Rooms have fingerprints
An empty room produces a stable CSI signature — not constant (radio always flickers), but statistically steady. Detection is therefore a two-step dance:
- Learn the empty room (the baseline).
- Measure distance from it (the anomaly score).
Step 1: the baseline
Capture minutes-to-days of empty-room CSI and store, per subcarrier, its mean and spread (standard deviation). Production fleets keep baselines fresh with an exponential moving average — old data fades, slow environmental drift (temperature, a moved chair) gets absorbed instead of alarming forever.
Step 2: the score
For each new frame, compute a z-score per subcarrier: how many standard deviations from baseline? Combine across subcarriers (mean of absolute z-scores is a fine start). Then:
- Score persistently high → something changed in the space.

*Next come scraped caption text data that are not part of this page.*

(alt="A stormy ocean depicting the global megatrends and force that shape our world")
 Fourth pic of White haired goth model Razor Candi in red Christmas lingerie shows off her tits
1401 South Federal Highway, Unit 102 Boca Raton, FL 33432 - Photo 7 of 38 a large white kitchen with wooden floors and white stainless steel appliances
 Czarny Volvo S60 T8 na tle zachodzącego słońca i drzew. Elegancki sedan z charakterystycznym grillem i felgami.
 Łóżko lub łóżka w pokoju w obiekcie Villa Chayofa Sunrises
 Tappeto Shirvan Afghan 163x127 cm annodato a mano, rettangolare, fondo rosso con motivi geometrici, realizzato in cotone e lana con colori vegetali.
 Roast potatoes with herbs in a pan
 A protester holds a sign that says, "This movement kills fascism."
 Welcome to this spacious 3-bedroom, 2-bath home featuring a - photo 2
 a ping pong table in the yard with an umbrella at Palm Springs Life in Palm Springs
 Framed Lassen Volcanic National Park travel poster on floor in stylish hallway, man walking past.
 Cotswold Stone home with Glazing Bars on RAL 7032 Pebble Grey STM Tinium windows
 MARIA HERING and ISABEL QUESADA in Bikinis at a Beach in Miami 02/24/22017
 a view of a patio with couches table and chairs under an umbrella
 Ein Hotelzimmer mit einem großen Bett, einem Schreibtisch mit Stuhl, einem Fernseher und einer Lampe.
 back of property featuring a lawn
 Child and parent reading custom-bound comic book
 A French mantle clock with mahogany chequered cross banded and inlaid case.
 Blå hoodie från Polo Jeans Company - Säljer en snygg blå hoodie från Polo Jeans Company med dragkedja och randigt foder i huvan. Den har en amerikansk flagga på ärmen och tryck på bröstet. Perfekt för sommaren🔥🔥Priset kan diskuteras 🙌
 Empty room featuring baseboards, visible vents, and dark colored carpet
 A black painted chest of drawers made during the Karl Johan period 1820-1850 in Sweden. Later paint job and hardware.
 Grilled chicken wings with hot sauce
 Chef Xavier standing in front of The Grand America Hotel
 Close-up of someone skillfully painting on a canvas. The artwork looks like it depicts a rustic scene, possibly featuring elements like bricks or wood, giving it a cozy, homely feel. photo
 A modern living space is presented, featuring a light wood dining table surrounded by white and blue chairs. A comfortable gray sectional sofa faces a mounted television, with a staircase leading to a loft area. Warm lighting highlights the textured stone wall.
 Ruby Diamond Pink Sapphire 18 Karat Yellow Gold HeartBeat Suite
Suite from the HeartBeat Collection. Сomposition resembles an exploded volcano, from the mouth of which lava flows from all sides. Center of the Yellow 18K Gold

- Score oscillating at 0.2–0.5 Hz → breathing.
- Large rhythmic swings → walking.
The false-alarm war
Every real deployment fights the same three enemies:
- WiFi channel switches — your router hops channels and the whole signature shifts. Detect the cliff-edge jump and re-baseline instead of alarming.
- Rain, fans, HVAC — periodic mechanical motion looks alive. Multi-node meshes disambiguate: a fan bends one path, a walking person bends paths in sequence.
- Stuck baselines — if a device rebooted into a changed room, its baseline lies. Our production sentinels auto-re-baseline when scores stay pegged for 10 minutes; steal that idea.
Honest limits
CSI tells you presence, motion, rhythm, roughly where (with a mesh). It does not tell you who, and cross-wall performance depends on construction. Design your product promises around what the physics actually delivers.